I use the DNS forwarding functionality to limit what they have access to after they connect.

What I make of it:
The users device knows it is connected (there is a DNS server, a gateway) : the link seems up.
But may DNS requests will not receive a reply - or a wrong reply.
What does the 'app' doing with this situation ?? A request to resolve i.e. facebook.com will yield many retries because it 'won't work'.

So: use tcpdump incoming port 53 - protocol UDP and TCP to see if your DNS resolver get swamped …

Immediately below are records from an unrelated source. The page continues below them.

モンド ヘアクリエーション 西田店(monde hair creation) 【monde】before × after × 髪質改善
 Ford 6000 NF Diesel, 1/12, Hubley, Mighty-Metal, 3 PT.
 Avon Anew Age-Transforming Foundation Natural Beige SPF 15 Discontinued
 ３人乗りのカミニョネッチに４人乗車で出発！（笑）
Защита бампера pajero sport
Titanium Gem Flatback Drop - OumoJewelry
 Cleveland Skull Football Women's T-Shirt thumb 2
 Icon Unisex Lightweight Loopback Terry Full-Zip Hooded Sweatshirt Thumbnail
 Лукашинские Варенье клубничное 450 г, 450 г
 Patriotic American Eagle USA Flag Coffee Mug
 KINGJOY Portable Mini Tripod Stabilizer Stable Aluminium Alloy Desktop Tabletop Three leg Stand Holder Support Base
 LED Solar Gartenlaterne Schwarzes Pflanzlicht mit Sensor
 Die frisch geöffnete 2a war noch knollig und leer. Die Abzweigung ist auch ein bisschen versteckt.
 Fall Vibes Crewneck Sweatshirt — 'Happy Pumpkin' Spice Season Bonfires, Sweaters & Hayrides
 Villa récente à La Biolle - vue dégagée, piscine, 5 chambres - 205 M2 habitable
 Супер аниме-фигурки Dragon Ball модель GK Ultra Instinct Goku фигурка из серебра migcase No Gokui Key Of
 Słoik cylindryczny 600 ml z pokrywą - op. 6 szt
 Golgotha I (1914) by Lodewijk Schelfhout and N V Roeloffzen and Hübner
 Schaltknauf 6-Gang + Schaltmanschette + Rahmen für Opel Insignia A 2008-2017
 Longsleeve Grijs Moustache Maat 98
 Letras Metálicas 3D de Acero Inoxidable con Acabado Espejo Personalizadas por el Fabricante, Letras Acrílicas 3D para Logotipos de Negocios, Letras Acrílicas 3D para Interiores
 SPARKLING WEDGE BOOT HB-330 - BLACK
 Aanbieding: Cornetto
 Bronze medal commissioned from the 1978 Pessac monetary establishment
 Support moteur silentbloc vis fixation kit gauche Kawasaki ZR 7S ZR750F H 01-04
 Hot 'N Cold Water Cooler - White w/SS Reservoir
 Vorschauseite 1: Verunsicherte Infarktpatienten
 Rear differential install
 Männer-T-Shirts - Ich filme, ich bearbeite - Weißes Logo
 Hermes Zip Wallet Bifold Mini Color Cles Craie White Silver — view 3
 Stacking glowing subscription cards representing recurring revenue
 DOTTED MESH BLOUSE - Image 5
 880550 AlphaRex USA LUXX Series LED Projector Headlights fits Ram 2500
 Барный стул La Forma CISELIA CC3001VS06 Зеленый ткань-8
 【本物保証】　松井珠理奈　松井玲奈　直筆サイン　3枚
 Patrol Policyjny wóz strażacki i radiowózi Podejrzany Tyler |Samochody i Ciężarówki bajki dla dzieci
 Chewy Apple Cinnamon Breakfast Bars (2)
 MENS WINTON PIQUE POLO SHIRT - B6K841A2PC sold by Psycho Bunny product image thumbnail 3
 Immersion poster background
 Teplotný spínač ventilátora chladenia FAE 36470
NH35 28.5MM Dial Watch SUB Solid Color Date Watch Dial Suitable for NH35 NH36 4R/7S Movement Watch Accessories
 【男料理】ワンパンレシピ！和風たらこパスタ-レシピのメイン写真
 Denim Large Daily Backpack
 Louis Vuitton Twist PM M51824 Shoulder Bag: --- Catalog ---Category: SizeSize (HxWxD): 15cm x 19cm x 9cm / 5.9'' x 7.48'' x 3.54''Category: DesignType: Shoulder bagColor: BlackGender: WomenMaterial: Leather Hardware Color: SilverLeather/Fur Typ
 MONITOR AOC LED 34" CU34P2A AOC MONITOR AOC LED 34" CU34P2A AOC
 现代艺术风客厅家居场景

=> This is just an idea ....

carzin

This is fun. Another zone, different from the last time, died. And this is in the syslog:

Nov 1 10:58:17 lighttpd[34493]: (connections.c.305) SSL: 1 error:1408A0C1:SSL routines:SSL3_GET_CLIENT_HELLO:no shared cipher
Nov 1 10:58:17 lighttpd[34493]: (connections.c.305) SSL: 1 error:1408A10B:SSL routines:SSL3_GET_CLIENT_HELLO:wrong version number
Nov 1 11:08:19 lighttpd[34493]: (connections.c.305) SSL: 1 error:1408A0C1:SSL routines:SSL3_GET_CLIENT_HELLO:no shared cipher
Nov 1 11:08:19 lighttpd[34493]: (connections.c.305) SSL: 1 error:1408A10B:SSL routines:SSL3_GET_CLIENT_HELLO:wrong version number
Nov 1 11:18:21 lighttpd[34493]: (connections.c.305) SSL: 1 error:1408A0C1:SSL routines:SSL3_GET_CLIENT_HELLO:no shared cipher
Nov 1 11:18:21 lighttpd[34493]: (connections.c.305) SSL: 1 error:1408A10B:SSL routines:SSL3_GET_CLIENT_HELLO:wrong version number
Nov 1 11:28:23 lighttpd[34493]: (connections.c.305) SSL: 1 error:1408A0C1:SSL routines:SSL3_GET_CLIENT_HELLO:no shared cipher
Nov 1 11:28:23 lighttpd[34493]: (connections.c.305) SSL: 1 error:1408A10B:SSL routines:SSL3_GET_CLIENT_HELLO:wrong version number
Nov 1 11:38:25 lighttpd[34493]: (connections.c.305) SSL: 1 error:1408A0C1:SSL routines:SSL3_GET_CLIENT_HELLO:no shared cipher
Nov 1 11:38:25 lighttpd[34493]: (connections.c.305) SSL: 1 error:1408A10B:SSL routines:SSL3_GET_CLIENT_HELLO:wrong version number
Nov 1 11:48:27 lighttpd[34493]: (connections.c.305) SSL: 1 error:1408A0C1:SSL routines:SSL3_GET_CLIENT_HELLO:no shared cipher
Nov 1 11:48:27 lighttpd[34493]: (connections.c.305) SSL: 1 error:1408A10B:SSL routines:SSL3_GET_CLIENT_HELLO:wrong version number
Nov 1 11:51:04 lighttpd[34493]: (connections.c.305) SSL: 1 error:1407609C:SSL routines:SSL23_GET_CLIENT_HELLO:http request
Nov 1 11:54:23 lighttpd[34493]: (connections.c.305) SSL: 1 error:1407609C:SSL routines:SSL23_GET_CLIENT_HELLO:http request
Nov 1 11:58:29 lighttpd[34493]: (connections.c.305) SSL: 1 error:1408A0C1:SSL routines:SSL3_GET_CLIENT_HELLO:no shared cipher
Nov 1 11:58:29 lighttpd[34493]: (connections.c.305) SSL: 1 error:1408A10B:SSL routines:SSL3_GET_CLIENT_HELLO:wrong version number
Nov 1 12:02:27 lighttpd[34493]: (connections.c.305) SSL: 1 error:1407609C:SSL routines:SSL23_GET_CLIENT_HELLO:http request
Nov 1 12:05:33 lighttpd[34493]: (connections.c.305) SSL: 1 error:1407609C:SSL routines:SSL23_GET_CLIENT_HELLO:http request
Nov 1 12:08:31 lighttpd[34493]: (connections.c.305) SSL: 1 error:1408A0C1:SSL routines:SSL3_GET_CLIENT_HELLO:no shared cipher
Nov 1 12:08:31 lighttpd[34493]: (connections.c.305) SSL: 1 error:1408A10B:SSL routines:SSL3_GET_CLIENT_HELLO:wrong version number

Gertjan

Probably a client connection to a '443' (https) not using a https 'talk'.